TÜRK-İŞ Yönetim Kurulu, 22 Mart Dünya Su Günü dolayısıyla bir yazılı açıklamada bulundu.
Açıklamada şu ifadelere yer verildi:
“İnsanlığın varlığını sürdürebilmesi için en önemli yaşam kaynağı tatlı sudur. Günümüzde küresel iklim değişikliği, insanların doğrudan sulara yanlış müdahaleleri ve kirletmeleri nedeniyle büyük su krizleri yaşanmaktadır. Bu krizlerin başlıcaları Afrika, Güneydoğu Asya, Latin Amerika ve Sahra çölünün güney kısmındadır. Bu bölgelerde suya erişimin zorluklarının yanında temiz içme suyuna erişim ise daha da büyük bir sorundur.
Su doğrudan eğitim, sağlık, yoksulluk gibi hayata dair her konuyu etkilemektedir. Temiz su daha az salgın hastalık, hastalıklar için ilaçlara ve tedavilere daha az para harcamak yani eğitim için daha çok kaynak ayrılabilmesi demektir.
İklim değişikliği nedeniyle sıcak ve kurak yılların yaşanacağı öngörülmektedir. Su kaynaklarımız beklenenden önce tükenebilir. Önümüzdeki yıllarda nüfusun da artmaya başlamasıyla suyun yetersiz kalması öngörülmektedir. Araştırmalara göre; 2050’de dünya nüfusunun 9,3 milyar olması ve 60 ülkede 7 milyar insanın su kıtlığı çekmesi beklenmektedir.
Sanayi artışı, teknolojik gelişme ve kentleşme ile artan nüfus dünyada son 60 yılda su tüketimin %400 artmasına sebep olmuştur. 1,3 milyar insanın içme, 1,7 milyar insanın kullanma suyu sorunu bulunmaktadır.

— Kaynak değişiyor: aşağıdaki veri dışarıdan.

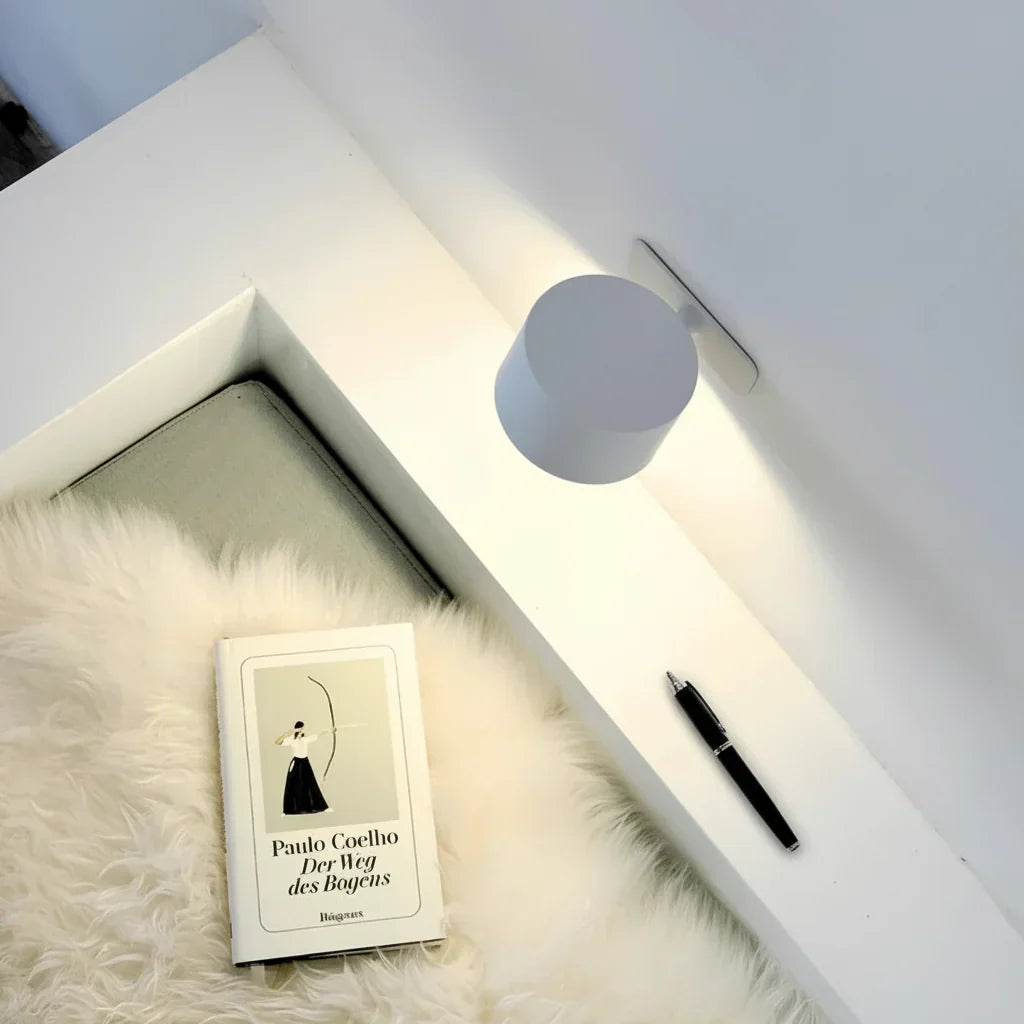 Cordless Rotating LED Wall Light Rechargeable Dimmable Night Lamp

Dünyanın %70’i sularla kaplı olmasına karşın %3’ü tatlı sudur. Ancak bunun da %2’isini buzullar oluşturmaktadır. 145 ülke sınırı aşan su sistemlerinin kullanmakta, 263 nehir havzası en az iki ülke tarafından paylaşılmaktadır.

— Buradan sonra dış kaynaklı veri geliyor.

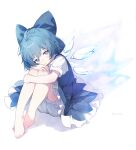  1girl artist_name barefoot bloomers blue_bow blue_dress blue_eyes blue_hair bow cirno closed_mouth collared_shirt detached_wings dress fairy full_body hair_bow highres ice ice_wings looking_at_viewer shirt short_hair short_sleeves signature siyumu solo touhou white_bloomers white_shirt wings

Bilinçsizce tüketimle Türkiye su fakiri ülke adayı haline gelmiştir. Türkiye, suyun %75’ini tarımda kullanmaktadır. Sulara karışan endüstriyel ve kimyasal atıklar büyük tehdit oluşturmaktadır. Suyumuzun bugünden korunması geleceğimiz için en hayati adımlardan birisidir. Ayrıca küresel çapta yaşadığımız koronavirüs salgını gibi gelecekte de temasla bulaşan hastalıkların kontrolü su sorunları yaşayan toplumlarda giderek güçleşecektir. Hiçbir ekonomik meta suyun yerini alamaz.

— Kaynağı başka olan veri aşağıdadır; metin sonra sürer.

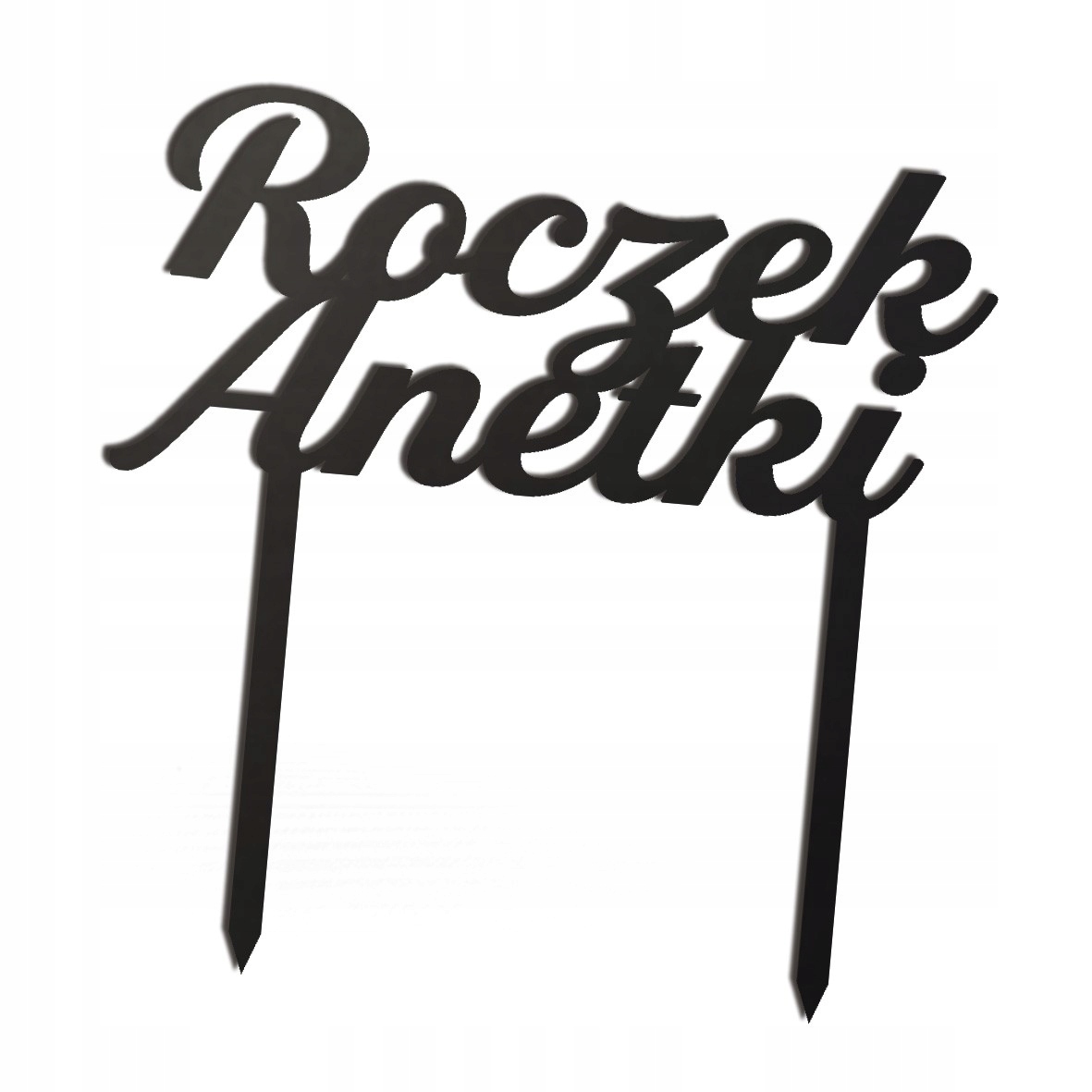 

czarny topper roczek tort 48h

Birleşmiş Milletler Sürdürülebilir Kalkınma Hedefleri çerçevesinde tüm ülkeler, 2030 yılına kadar küresel çapta arıtmaya tabi tutulmayan atık su oranının yarıya indirilerek güvenli biçimde geri kullanımını tamamlamalı, yeraltı barajları inşaları sürmeli, tarımda damla sulama yöntemleri yaygınlaştırılmalı, sanayide geri dönüşümlü su kullanılması gerekmektedir ve suyun kirlenmesini önleyici politikalar hayata geçirilmelidir.”